The first book-length collection, Rusty Brown was published by Pantheon Books on September 24, 2019. Marketed as "Part I," the volume gathers previously published material alongside over 100 pages of newly created and received the Yellow Kid Award for Comic of the Year at Lucca Comics & Games.
Plot
Rusty Brown is a long-form, ongoing narrative centered on a group of interconnected characters originally associated with a private school in Omaha, Nebraska. The story moves between childhood and adulthood, with different sections focusing on individual characters at various stages of their lives.
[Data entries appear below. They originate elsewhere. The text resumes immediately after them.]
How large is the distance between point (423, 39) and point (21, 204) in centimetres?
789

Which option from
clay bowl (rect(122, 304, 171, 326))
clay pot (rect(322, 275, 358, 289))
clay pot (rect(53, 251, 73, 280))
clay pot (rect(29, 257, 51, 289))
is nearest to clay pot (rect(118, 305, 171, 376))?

The opening material is set in 1975. It follows Rusty Brown as a third-grade student, alongside new arrivals Chalky and Alice White, with the events unfolding over the course of a single school day. From this starting point, the narrative expands to include additional characters connected to the school — Jordan Lint, Joanne Cole, W. K. "Woody" Brown, Mr. Ware — with later sections tracing their lives over extended periods of time.
Rather than following a single linear storyline, the narrative is structured as a series of character-focused episodes. Some sections take place over the course of a single day, while others span decades, covering entire lifetimes. These strands intersect through shared settings and relationships, with events in one character's story often reappearing from another's perspective.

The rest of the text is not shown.